A year ago at the halfway point of the season, the Jaguars were 5-3 and in the middle of a four-game winning streak, on their way to a 10-6 season and berth in the playoffs. What has everyone mystified is that there have been relatively few changes in the starting lineup this year from the 2017 group. There were two changes on the offense — guard Andrew Norwell and tight end Austin Seferian-Jenkins are new starters this season. Defensively, the only change was to replace veteran linebacker Paul Posluszny with rookie Leon Jacobs. That means 19 of last year’s starters were back in the lineup this year.

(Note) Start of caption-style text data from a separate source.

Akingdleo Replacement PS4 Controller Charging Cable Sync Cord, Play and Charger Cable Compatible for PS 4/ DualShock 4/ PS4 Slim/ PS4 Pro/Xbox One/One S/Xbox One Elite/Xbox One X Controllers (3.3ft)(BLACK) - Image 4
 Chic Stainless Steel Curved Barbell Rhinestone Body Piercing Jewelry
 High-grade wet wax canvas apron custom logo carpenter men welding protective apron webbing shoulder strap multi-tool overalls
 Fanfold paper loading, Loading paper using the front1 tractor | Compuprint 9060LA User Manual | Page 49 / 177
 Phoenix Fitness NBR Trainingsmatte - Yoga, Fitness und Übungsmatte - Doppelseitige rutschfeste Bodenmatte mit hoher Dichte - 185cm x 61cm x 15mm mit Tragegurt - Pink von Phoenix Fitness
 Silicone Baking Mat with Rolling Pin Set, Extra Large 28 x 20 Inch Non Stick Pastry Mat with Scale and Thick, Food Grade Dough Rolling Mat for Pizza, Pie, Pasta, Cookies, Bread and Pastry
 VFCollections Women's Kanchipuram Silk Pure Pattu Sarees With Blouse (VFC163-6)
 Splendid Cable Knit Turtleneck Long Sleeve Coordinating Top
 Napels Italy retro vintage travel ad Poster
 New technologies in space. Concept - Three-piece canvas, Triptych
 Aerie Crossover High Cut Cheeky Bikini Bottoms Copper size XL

But start factoring in injuries and this year’s Jaguars team takes on a whole different look. Four offensive starters — WR Marqise Lee, OT Cam Robinson, TE Seferian-Jenkins and RB Leonard Fournette — are either out for the season or have missed considerable playing time. Defensively, the only starter who has missed any games is cornerback A.J. Bouye who sat out against Philadelphia.

So where does the blame fall for the skid? Ask head coach Doug Marrone and he’ll point his finger at one person — himself.

“I’ve done a poor job communicating,” Marrone said Monday afternoon. “I think if anyone is going to look at the team and why the team is doing poorly, the first person they have to look at is me. I’m not trying to be a martyr, I’m not trying to be a shield or anything like that. I just really believe that I haven’t done a good enough job for whatever reason to get everyone’s mind in the right place. And that does start with me.

One phase of the Jaguars offense that has been perplexing is the team’s penchant to discard the running game and go heavy — real heavy in the second half of last week’s game — with a passing attack. The Jaguars called for a passing play on 39 of 41 second half plays from scrimmage. Six times, the Jaguars needed either 1 or 2 yards for a first down and on all six occasions they called for a pass. Quarterback Blake Bortles was 0-for-5 and on the sixth play, he couldn’t find a receiver and scrambled 4 yards for the first down.
“We thought the best way for us to move the football was to throw it,” the Jaguars coach said. “But those are things that you look back on at, and it’s ‘can we do a better job of that [calling plays]?’ Absolutely.”

What’s surprising, is that with power-running back Leonard Fournette having missed four straight games, the Jaguars went out and traded for the Cleveland Brown’s top running back, 240-pounder Carlos Hyde. Hyde had just six carries against the Eagles and gained but 11 yards.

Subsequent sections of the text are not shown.